[petsc-dev] Pushing non-working code

Matthew Knepley knepley at gmail.com
Sun Feb 3 12:38:41 CST 2013


On Sun, Feb 3, 2013 at 1:29 PM, Karl Rupp <rupp at mcs.anl.gov> wrote:

> Hi Matt,
>
>
> >     ---
>
>>     'I don't think there is any
>>
>>     evidence that it increases productivity, and quite a lot that it is
>>     rather marginal on that score while increasing development
>>     costs. I do not see any effect from these kind of pushes. Does that
>>     mean my workflow is more robust, and we should force
>>     it on everyone else?'
>>
>>     *Why* do you see it? I would love to see that at least nailed down
>>     to an example from 'practice'.
>>
>>
>> I said "I do not see" above.
>>
>
> Yes, I know, and you may have good reasons for that. We don't get any
> pointers on these, though.


I am saying it is easy for me to ignore warnings and incomplete pushes
here. I am not sure what documentation
you want. I do this every day.


>      ---
>>     'I can quantify the losses from the changed you propose, which is
>>     all I need to do. There are no "gains" from a baseline. This is
>>     a point I have made multiple times. Changes must be justified.'
>>
>>     *Why* are there no gains? The sentence is a bold statement. If you
>>     require us to quantify everything, you should do so with your own
>>     statements as well.
>>
>>
>> It is the definition of the word. Gains are defined in reference to
>> something. That something is the baseline.
>>
>
> I'm aware of the definition of 'gain', thanks. I'm also aware of the fact
> that you can easily create tons of gain by just using an arbitrary baseline.

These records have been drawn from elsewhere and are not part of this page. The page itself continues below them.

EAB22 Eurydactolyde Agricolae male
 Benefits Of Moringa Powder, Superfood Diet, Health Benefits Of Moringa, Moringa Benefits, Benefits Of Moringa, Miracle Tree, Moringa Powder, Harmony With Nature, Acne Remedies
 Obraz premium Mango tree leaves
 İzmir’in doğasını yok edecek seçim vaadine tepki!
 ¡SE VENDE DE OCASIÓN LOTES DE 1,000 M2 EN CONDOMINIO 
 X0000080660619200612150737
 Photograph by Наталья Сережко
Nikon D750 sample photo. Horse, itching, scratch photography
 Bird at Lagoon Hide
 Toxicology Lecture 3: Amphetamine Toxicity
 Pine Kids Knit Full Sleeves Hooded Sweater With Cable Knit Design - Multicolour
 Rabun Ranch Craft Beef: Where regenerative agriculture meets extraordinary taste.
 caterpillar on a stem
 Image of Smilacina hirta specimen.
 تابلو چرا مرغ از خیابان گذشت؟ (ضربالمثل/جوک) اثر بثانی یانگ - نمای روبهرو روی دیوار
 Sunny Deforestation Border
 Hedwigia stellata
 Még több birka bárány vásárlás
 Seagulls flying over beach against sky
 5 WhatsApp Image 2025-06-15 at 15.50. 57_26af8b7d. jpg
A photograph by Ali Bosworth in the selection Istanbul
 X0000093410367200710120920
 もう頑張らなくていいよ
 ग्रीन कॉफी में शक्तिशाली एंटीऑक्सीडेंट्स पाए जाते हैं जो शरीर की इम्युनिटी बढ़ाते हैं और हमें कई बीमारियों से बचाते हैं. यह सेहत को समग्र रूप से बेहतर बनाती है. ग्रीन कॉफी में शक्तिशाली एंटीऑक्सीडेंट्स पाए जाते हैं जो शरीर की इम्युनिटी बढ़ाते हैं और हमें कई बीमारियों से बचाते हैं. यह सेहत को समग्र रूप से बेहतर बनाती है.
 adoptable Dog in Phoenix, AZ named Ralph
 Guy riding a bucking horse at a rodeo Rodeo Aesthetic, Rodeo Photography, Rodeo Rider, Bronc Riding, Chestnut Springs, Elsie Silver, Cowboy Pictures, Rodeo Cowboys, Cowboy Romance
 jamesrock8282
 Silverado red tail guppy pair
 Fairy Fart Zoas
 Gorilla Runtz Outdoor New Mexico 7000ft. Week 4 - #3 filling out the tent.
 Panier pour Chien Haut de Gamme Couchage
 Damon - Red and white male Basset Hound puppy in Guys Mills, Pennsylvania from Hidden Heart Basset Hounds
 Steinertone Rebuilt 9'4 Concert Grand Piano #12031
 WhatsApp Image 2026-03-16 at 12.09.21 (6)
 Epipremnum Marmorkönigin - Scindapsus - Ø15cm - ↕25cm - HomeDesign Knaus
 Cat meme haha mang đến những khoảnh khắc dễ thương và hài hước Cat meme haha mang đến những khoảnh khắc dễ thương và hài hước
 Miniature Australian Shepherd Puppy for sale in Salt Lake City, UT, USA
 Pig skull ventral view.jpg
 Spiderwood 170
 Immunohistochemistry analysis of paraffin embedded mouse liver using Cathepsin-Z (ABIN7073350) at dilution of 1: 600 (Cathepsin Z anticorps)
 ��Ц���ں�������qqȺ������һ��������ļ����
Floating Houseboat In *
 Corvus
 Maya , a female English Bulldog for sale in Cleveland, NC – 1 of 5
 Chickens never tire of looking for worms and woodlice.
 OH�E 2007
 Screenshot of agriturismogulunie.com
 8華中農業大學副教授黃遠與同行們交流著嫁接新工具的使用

I was not being flippant here, but noting that the baseline is the current
system which is being criticized.


>
>  I am arguing from the same point of view as everyone in the discussion,
>> meaning I like my process and
>> and defending it. Your point is that its may be worse for me, but enough
>> better for you that it does not matter?
>> I would answer that if its worse for me, it could be worse for many
>> potential developers.
>>
>
> New developers are usually willing to adapt to the workflow of the project
> anyways, particularly if it follows established 'best practices'. 'Compile
> cleanly at high warning levels' is one of them, so we are not proposing
> something radically new.


That rationale could be used to justify any scheme.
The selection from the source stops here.